Por solo citar algunos datos, en Francia la abolición definitiva de la esclavitud tuvo lugar en 1948. En EE.UU. se abolió la esclavitud a través de la 13ª Enmienda a la Constitución, que entró en vigor en 1865 tras finalizar la guerra de secesión. La 15ª Enmienda (1870) prohibía cualquier tipo de discriminación al voto basándose en la raza o en el color, pero no fue hasta la Ley de Derecho al Voto de 1965 (Voting Rights Act of 1965) cuando se prohibieron las prácticas discriminatorias en el derecho al voto a los afroamericanos, tales como exigir pruebas de alfabetización o el pago de algún impuesto. En España se prohibió la esclavitud en 1837, con las excepciones de Puerto Rico (hasta 1873) y Cuba (1886), y en Portugal en 1869. Sin embargo, de facto siguen existiendo personas en situación de esclavitud en determinadas áreas del planeta, sobre todo mujeres y niños, sometidas a trabajos y matrimonios forzosos, explotación sexual o trata, en contextos de fragilidad del Estado.

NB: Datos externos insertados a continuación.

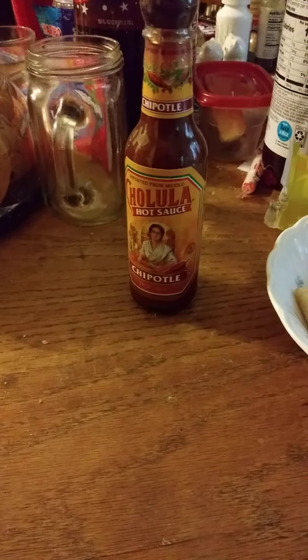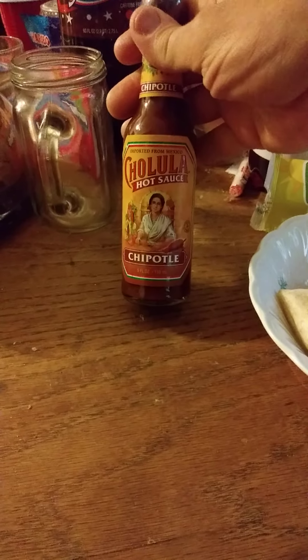This review is of Cholula Chipotle Hot Sauce, imported from Mexico. There are the nutrition facts and ingredients — absolutely tiny for me. The only thing I can tell you is it doesn't have any calories.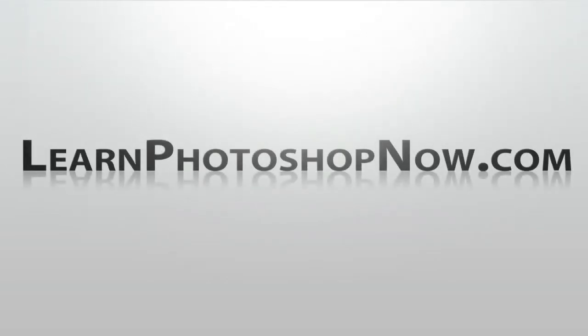This episode of Tutcast is brought to you by LearnPhotoshopNow.com. In just two hours, you'll be able to produce your own graphics quickly, easily, and completely stress-free.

Las mujeres tuvieron que luchar contra una triple desigualdad: la civil, la política y la laboral. En el siglo XIX la demanda principal, aunque no exclusiva, fue la consecución del voto, por el movimiento sufragista. En 1893, Nueva Zelanda se convirtió en el primer país del mundo en conceder el derecho al voto a las mujeres y Australia lo aprobó en 1902. Hasta 1971 no se consigue el derecho al voto en Suiza y en 1984 en Liechtenstein, el último país europeo en reconocerlo. En 1979 se aprobó la Convención sobre la eliminación de todas las formas de discriminación contra la mujer, instrumento clave de NN.UU. en la protección de los derechos de las mujeres y en 2011 el Convenio de Estambul contra todas las formas de violencia hacia las mujeres en Europa. A pesar de ello, cada día, las mujeres de todos los países del mundo sufren desigualdad y discriminación. Se enfrentan a situaciones de violencia, abusos y un trato desigual tanto en su hogar, como en su entorno de trabajo y en sus comunidades solo por el hecho de ser mujer, negándoles incluso las oportunidades para aprender, obtener ingresos y hacer oír su voz. La mayor parte de las personas que viven en situación de pobreza también son mujeres. En comparación con los hombres, tienen un menor acceso a recursos, poder e influencia, y pueden experimentar más desigualdad debido a su clase, etnia o edad, así como por vivir en entornos donde predominan las creencias religiosas fundamentalistas. La actual situación de las mujeres en países como Afganistán son un trágico exponente de cómo su situación se agrava en Estados teocráticos incompatibles con la democracia.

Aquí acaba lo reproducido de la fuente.